On the last Friday of December, I started reviewing some notes for a casual in-person meeting at 4 pm in a coffeeshop near my house. After reviewing the notes, I checked my email and saw this sequence of emails from the person I planned to meet.
3:17 pm: Hi Abby, here at <local coffee shop>, let me know if this time still works.
3:28 pm: Assuming some snag. Hope all is well, let me know about rescheduling.
I hadn’t looked at my calendar that day (it was during the vortex between Christmas and New Year) and my memory had told me that we were meeting at 4 pm. Nope, we had agreed to meet at 3 pm.
Upon realizing my mistake, I took a moment to pause and reflect. Why does it matter that I missed the meeting? I of course knew that it mattered and even felt my stomach drop when I first read the emails. But why does it matter?
Reliability—the ability to do what you say you’re going to do. By missing the meeting, I had failed to demonstrate reliability. As I discussed in a previous article, reliability is one of the four variables that build trust and it’s often harder to rebuild than the other variables.
By missing the meeting, I was eroding the trust in our relationship.
What to do? After the momentary pause, I picked up the phone and called the person. First, I apologized. Then I acknowledged the impact (wasted their time) and asked to reschedule. After the call, I sent a followup email to suggest dates for rescheduling.
There are few things to note about the conversation.

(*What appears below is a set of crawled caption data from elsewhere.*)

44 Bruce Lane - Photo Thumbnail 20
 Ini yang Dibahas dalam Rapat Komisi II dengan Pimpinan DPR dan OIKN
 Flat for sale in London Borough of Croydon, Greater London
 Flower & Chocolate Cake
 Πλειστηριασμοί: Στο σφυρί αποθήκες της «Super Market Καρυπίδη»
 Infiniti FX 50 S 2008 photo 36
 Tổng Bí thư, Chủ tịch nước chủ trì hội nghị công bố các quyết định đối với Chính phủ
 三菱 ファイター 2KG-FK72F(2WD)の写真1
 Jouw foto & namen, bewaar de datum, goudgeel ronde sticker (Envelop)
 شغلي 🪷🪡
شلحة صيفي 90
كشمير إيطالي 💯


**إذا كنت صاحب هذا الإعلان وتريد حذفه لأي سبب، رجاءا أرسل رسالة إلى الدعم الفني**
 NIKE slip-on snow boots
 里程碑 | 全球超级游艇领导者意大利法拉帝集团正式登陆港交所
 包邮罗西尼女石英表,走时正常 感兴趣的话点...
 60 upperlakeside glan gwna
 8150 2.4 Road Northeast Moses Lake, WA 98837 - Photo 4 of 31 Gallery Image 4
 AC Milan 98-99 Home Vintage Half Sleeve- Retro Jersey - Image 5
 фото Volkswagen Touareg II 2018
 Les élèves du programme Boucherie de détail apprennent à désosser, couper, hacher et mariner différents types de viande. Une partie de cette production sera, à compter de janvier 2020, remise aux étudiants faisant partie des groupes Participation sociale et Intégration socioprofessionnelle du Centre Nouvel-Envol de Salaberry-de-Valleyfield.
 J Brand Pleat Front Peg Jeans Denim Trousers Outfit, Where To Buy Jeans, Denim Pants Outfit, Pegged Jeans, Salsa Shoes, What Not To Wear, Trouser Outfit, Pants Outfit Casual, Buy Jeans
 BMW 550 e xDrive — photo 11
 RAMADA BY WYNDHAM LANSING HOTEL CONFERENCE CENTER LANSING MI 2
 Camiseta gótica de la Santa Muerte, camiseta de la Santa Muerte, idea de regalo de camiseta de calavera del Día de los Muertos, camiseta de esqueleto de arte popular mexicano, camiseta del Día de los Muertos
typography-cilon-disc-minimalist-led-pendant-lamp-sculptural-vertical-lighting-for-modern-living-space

First, I didn’t offer a long drawn-out apology. I said that I was sorry and offered a short explanation (not an excuse) about why I missed the call. Overdoing the apology risks making it more about you than the other person; you might make them feel guilty that you’re feeling so bad.
I then acknowledged the impact of my lack of reliability by noting that my failure to follow through likely wasted their time. This demonstrates an understanding of the other person's experience (a.k.a. empathy), which is a token of intimacy—one of the other four trust variables).
My quick response gave me a sense of relief since I took action to address the issue. Hopefully, this also gave the other person some relief as they saw it as a display of respect for them and their time.
If you fail to be reliable, take a moment to step back and consider your action within the context of building trust. This quick reframing—which only takes as long as finding a contact in your phone—can set you up for a productive recovery and a quick response can offer relief to both participants.
And remember, you’re going to make mistakes. The trust variables can help you identify how to make it right again.